El 12 de julio, el Comando Central de Estados Unidos (CENTCOM) ejecutó una nueva oleada de ataques contra decenas de objetivos militares en distintos puntos de Irán. La operación empleó municiones de precisión y tuvo como finalidad declarada degradar la capacidad de las fuerzas iraníes para continuar atacando buques mercantes que transitan por el estrecho de Ormuz.
Estados Unidos ejecutó una nueva oleada de ataques contra objetivos militares en Irán
Los blancos comprendieron sistemas de defensa aérea, radares costeros, instalaciones y medios vinculados con misiles y vehículos aéreos no tripulados, además de embarcaciones menores. La acción continuó una secuencia desarrollada durante la semana: el 11 de julio, CENTCOM había informado que sus fuerzas alcanzaron aproximadamente 140 objetivos y que, durante tres noches, habían atacado más de 300 blancos militares iraníes.
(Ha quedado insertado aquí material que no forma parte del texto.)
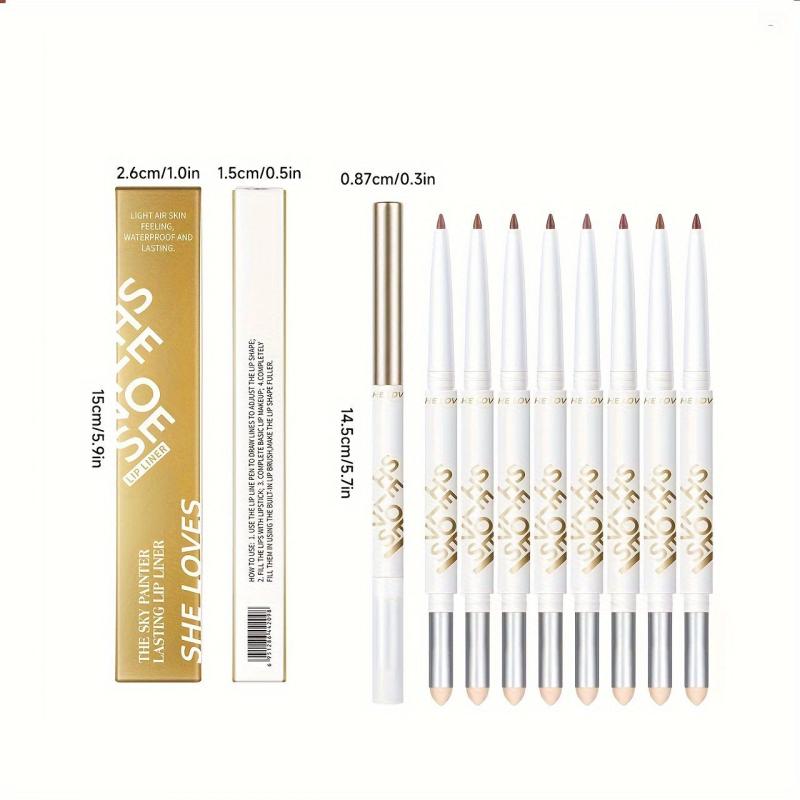 Brown Matte Lip Liner Waterproof Long Lasting Lipstick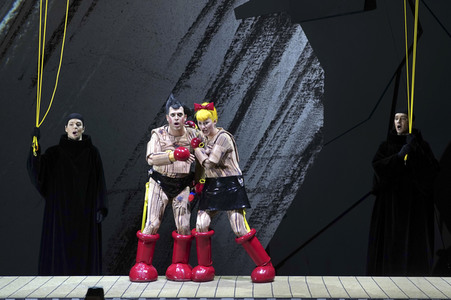 Fotoprobe 'Die Zauberflöte' in Berlin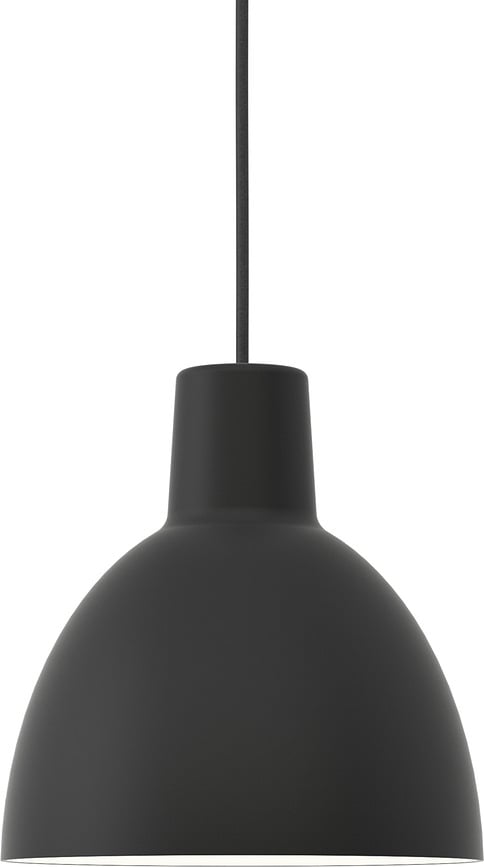 Závesná lampa Toldbod 25 cm čierna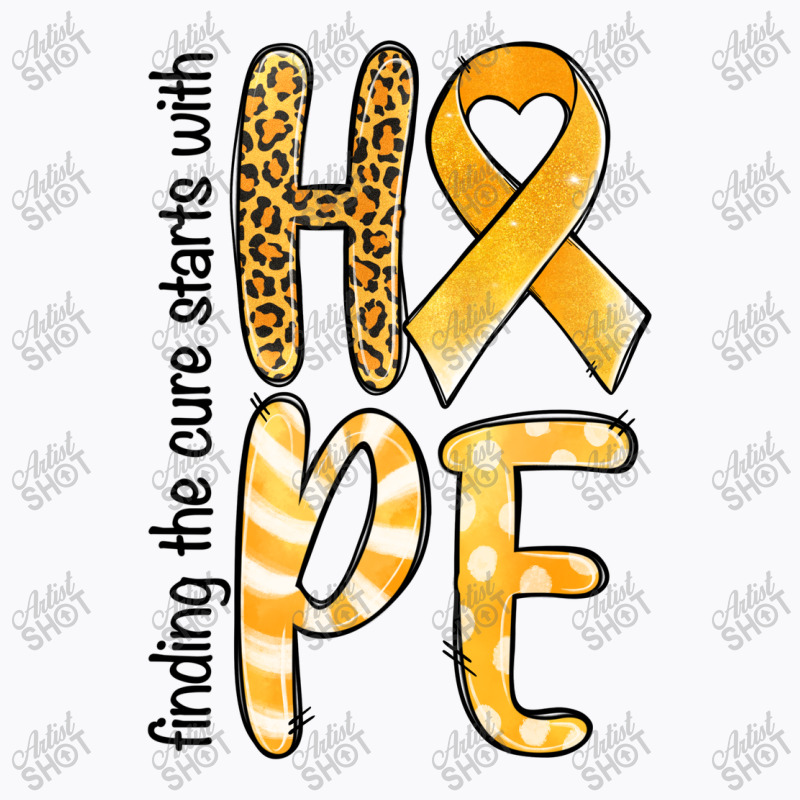 Finding The Cure Starts With Hope Childhood Cancer T-shirt | Artistshot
Para la operación del 12 de julio, las fuerzas estadounidenses utilizaron aeronaves de combate, buques, vehículos aéreos no tripulados de ataque unidireccional y vehículos de superficie no tripulados de ataque unidireccional. CENTCOM señaló que fue la primera vez que empleó estos dos últimos tipos de sistemas en ataques contra objetivos iraníes. En las acciones precedentes también se utilizaron aeronaves de combate basadas en tierra y en el mar, drones y plataformas navales.
EL CENTCOM afirmó que Irán no controla el estrecho de Ormuz y que las fuerzas estadounidenses mantendrán su disposición para sostener la libertad de navegación comercial. La Guardia Revolucionaria iraní sostuvo que el estrecho forma parte de su territorio y que impedirá la intervención militar estadounidense. La alta representante de la Unión Europea para Asuntos Exteriores, Kaja Kallas, reclamó que la vía marítima permanezca abierta y que se respete la libertad de navegación.